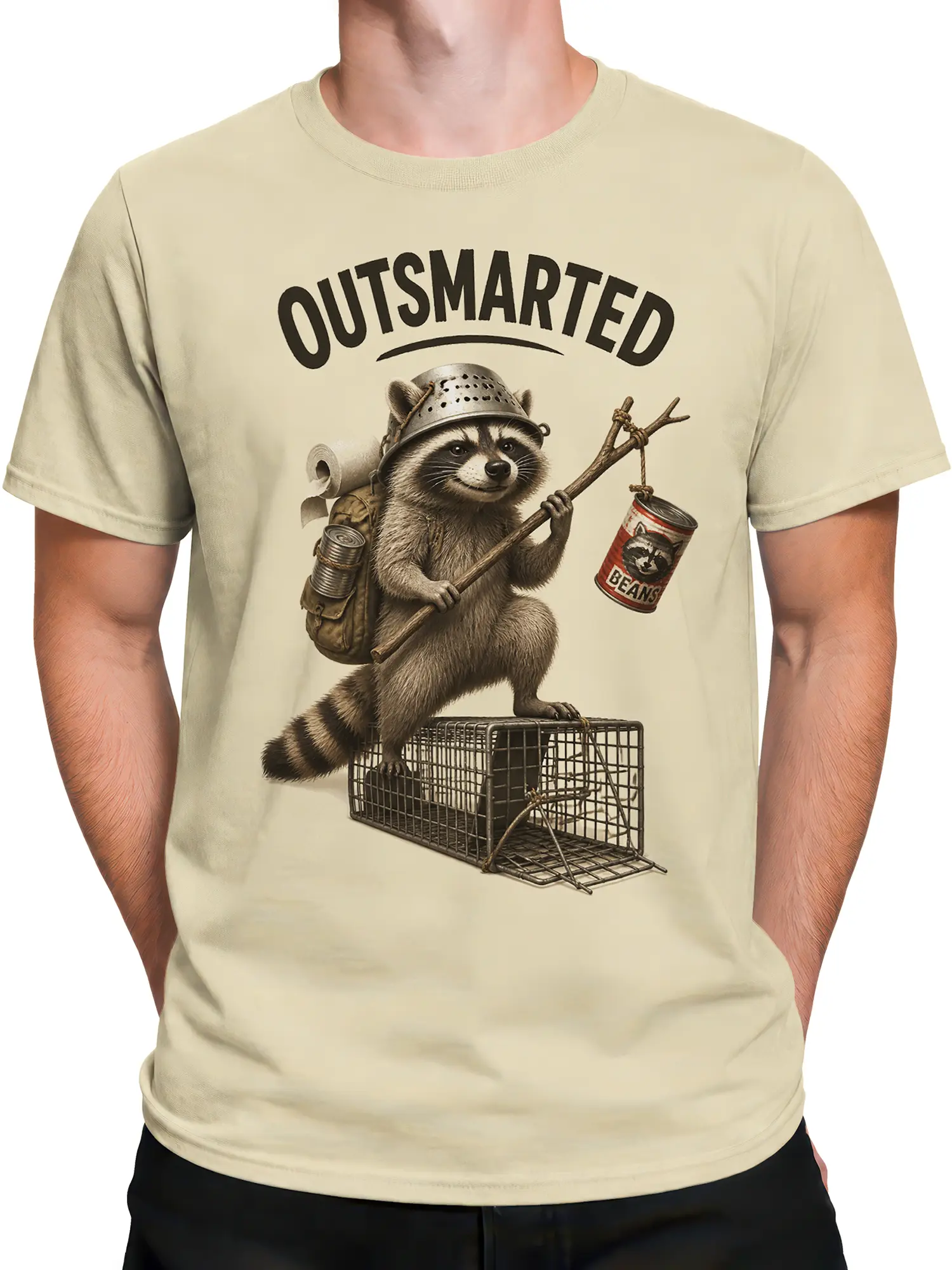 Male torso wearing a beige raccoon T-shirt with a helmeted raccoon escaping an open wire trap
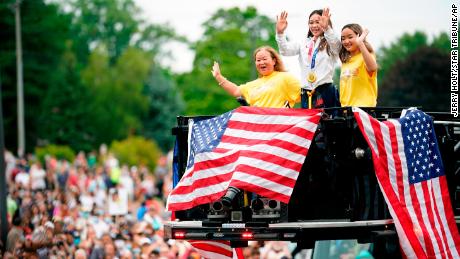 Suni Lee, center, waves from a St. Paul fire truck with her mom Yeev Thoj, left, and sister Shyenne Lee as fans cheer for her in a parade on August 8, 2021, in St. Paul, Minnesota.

========================

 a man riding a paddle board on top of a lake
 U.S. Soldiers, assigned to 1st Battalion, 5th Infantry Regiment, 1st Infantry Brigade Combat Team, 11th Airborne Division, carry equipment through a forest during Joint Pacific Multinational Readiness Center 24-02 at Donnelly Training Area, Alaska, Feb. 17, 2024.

========================

Using the records above, repeat exactly the run of lines that starts with the line with "Male torso wearing" and goes on through the line with "Suni Lee, center, waves"; omit each picture.

== COMPLETED TASK ==
 Male torso wearing a beige raccoon T-shirt with a helmeted raccoon escaping an open wire trap
 Suni Lee, center, waves from a St. Paul fire truck with her mom Yeev Thoj, left, and sister Shyenne Lee as fans cheer for her in a parade on August 8, 2021, in St. Paul, Minnesota.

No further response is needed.